**What to work on:**
Keep every word of the entries and print them exactly; the pictures stay out.

[Available records — start]

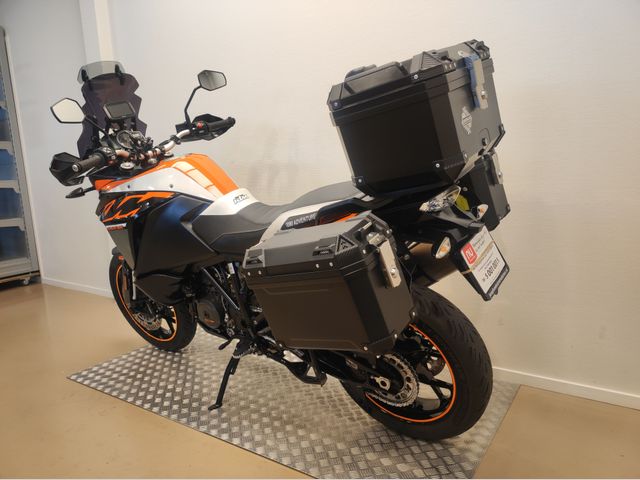 ktm - 1090-adventure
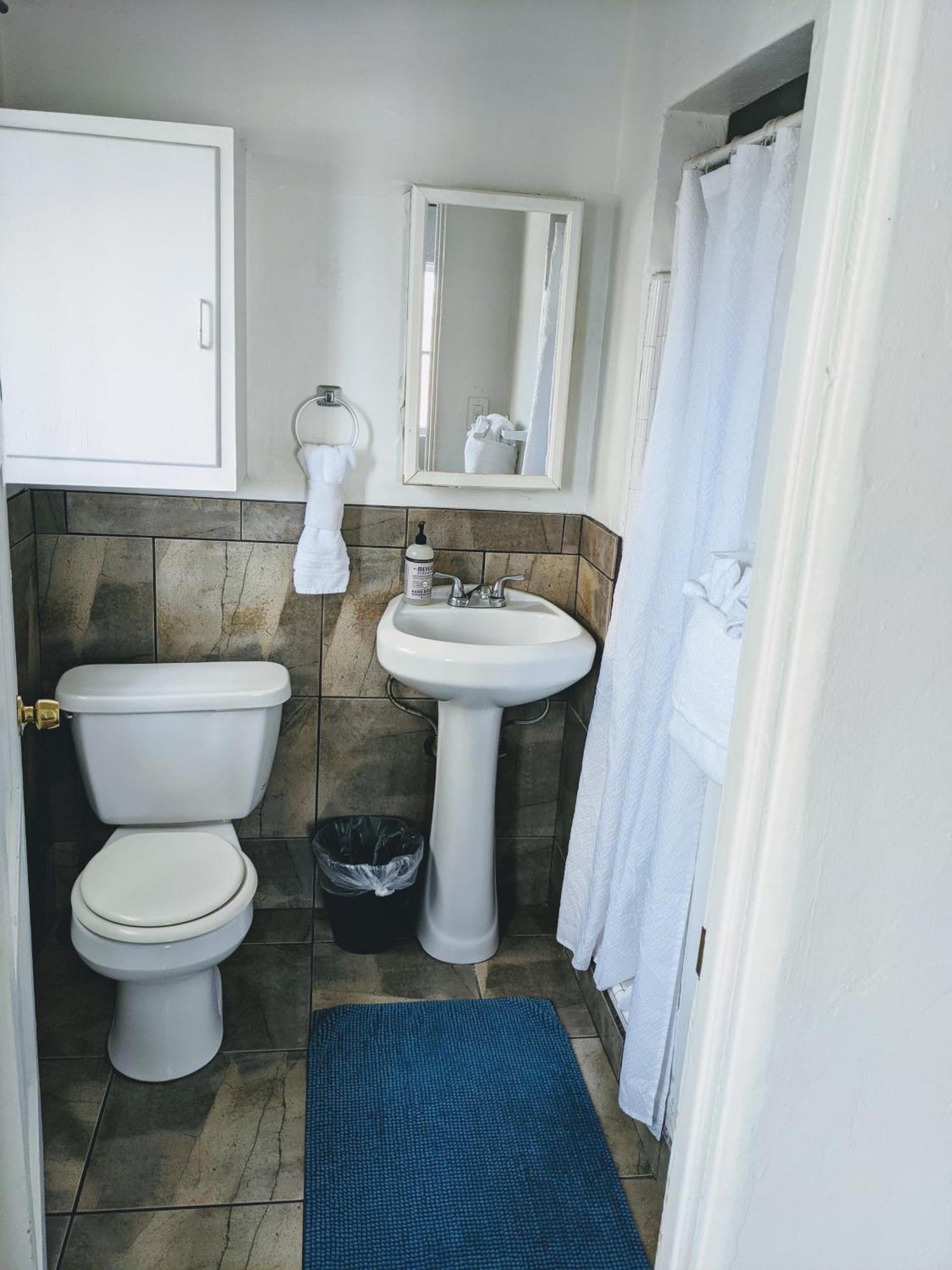 Centrally Located 2 Master Bedrooms To Explore All San Diego Has To Offer المظهر الخارجي الصورة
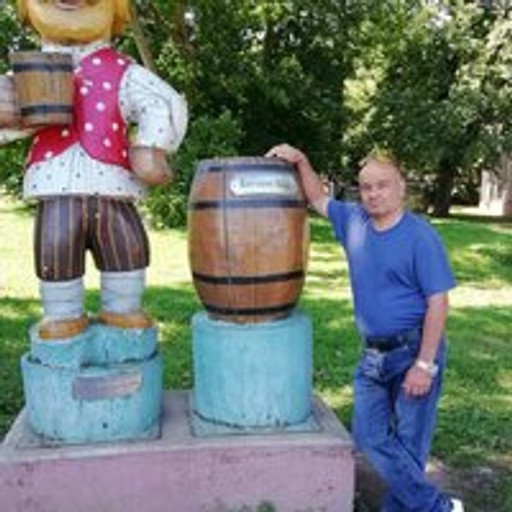 Тофиг54, Ухта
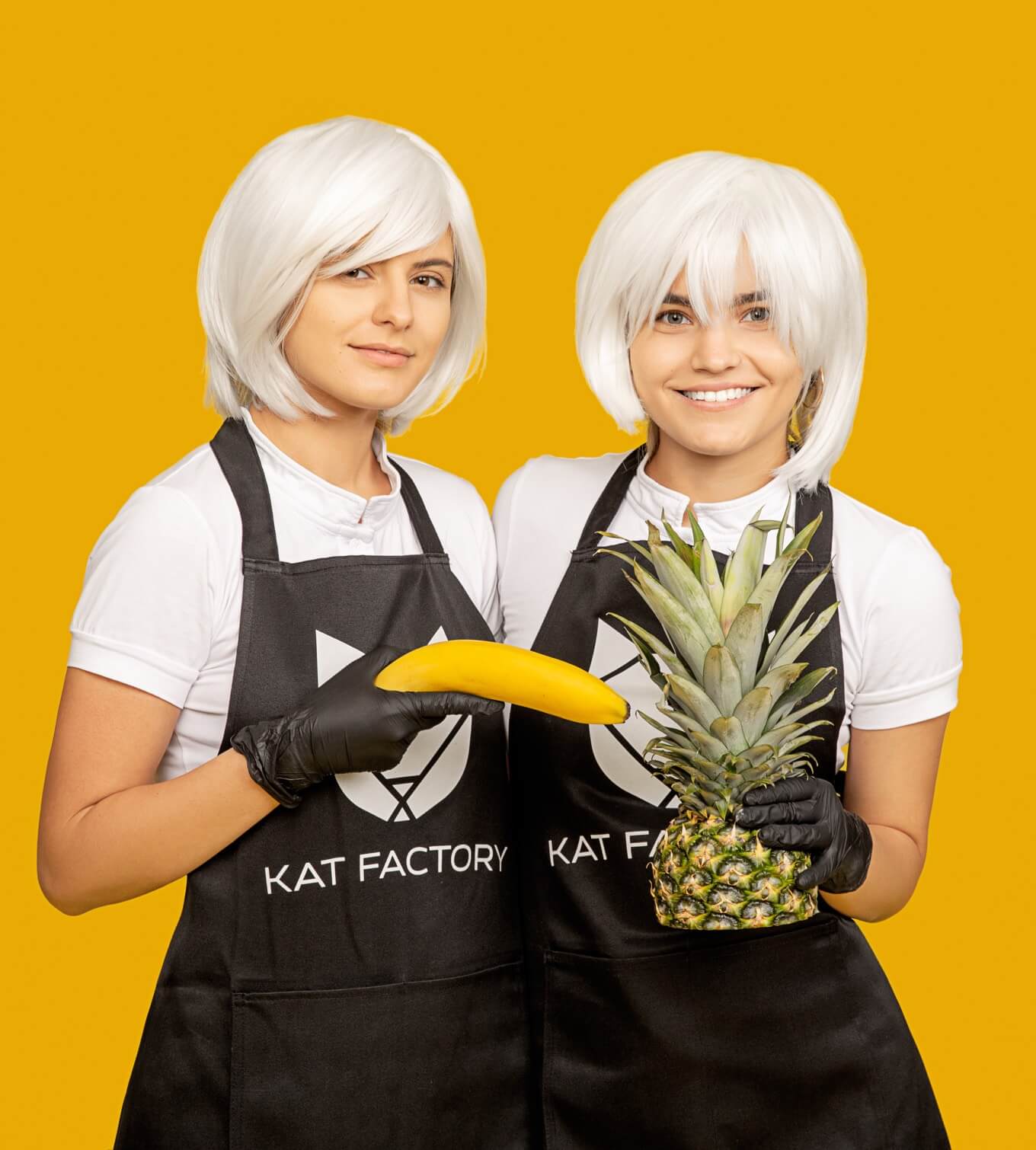 KAT Factory | Programe Detox 100% naturale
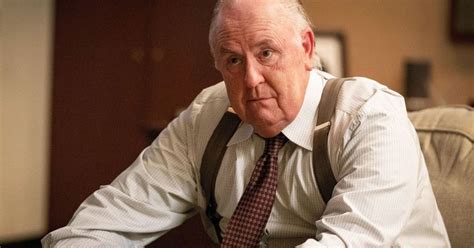 John Lithgow Talks Bombshell’s Margot Robbie Dress Scene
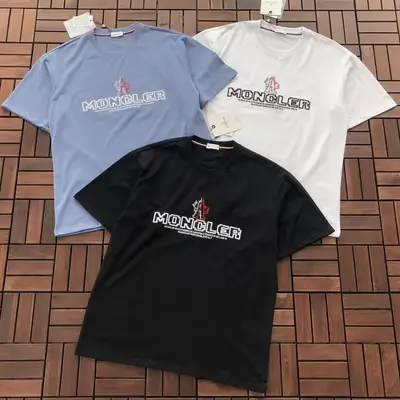 MONCLER T-Shirt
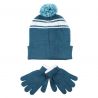 Bonnet gants Lilo et Stitch garcon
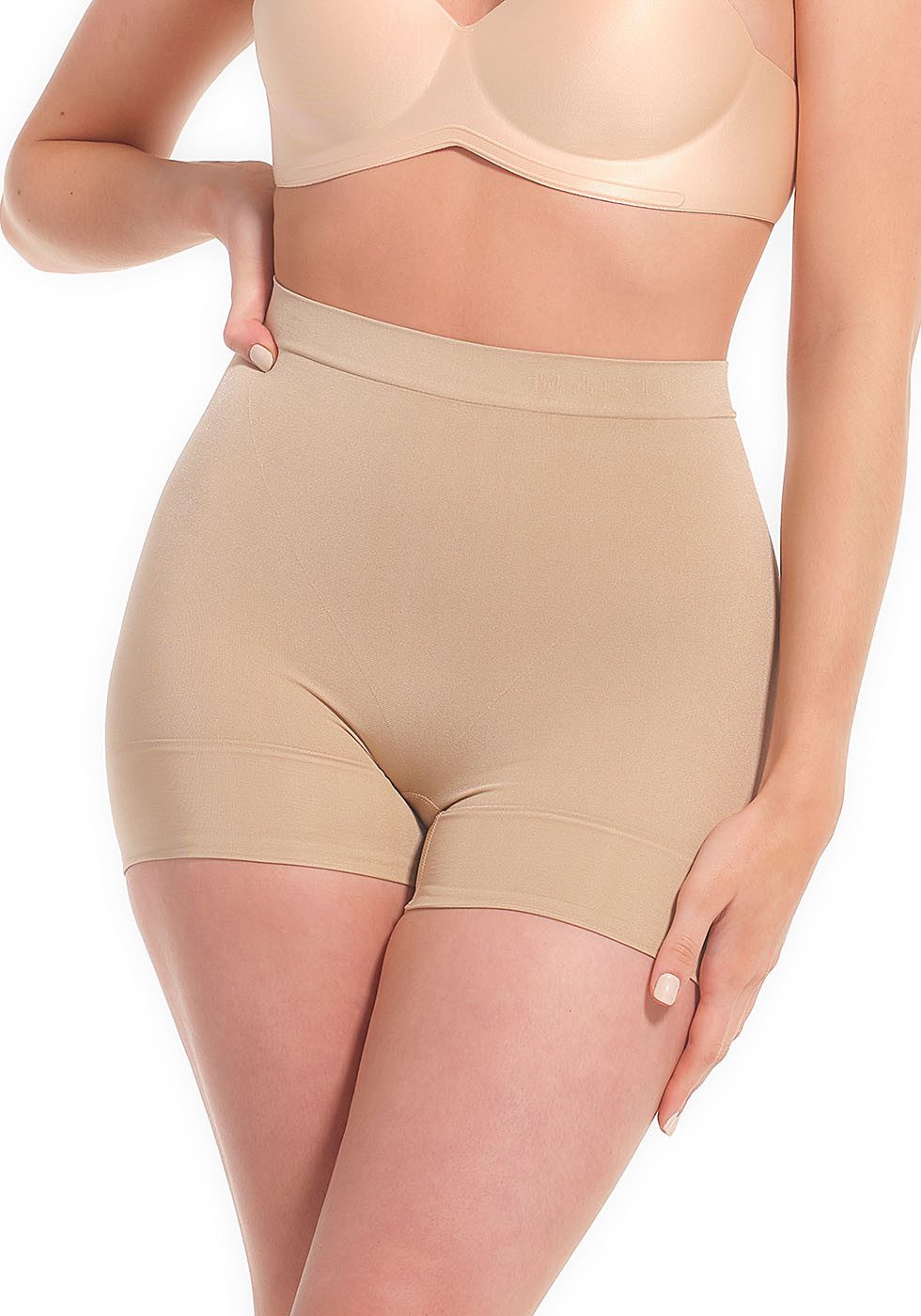 MAGIC Bodyfashion Shapingpants Comfort Short bequeme, nahtlose, formende Sh günstig online kaufen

[Available records — finish]

**Expected output:**
 ktm - 1090-adventure
 Centrally Located 2 Master Bedrooms To Explore All San Diego Has To Offer المظهر الخارجي الصورة
 Тофиг54, Ухта
 KAT Factory | Programe Detox 100% naturale
 John Lithgow Talks Bombshell’s Margot Robbie Dress Scene
 MONCLER T-Shirt
 Bonnet gants Lilo et Stitch garcon
 MAGIC Bodyfashion Shapingpants Comfort Short bequeme, nahtlose, formende Sh günstig online kaufen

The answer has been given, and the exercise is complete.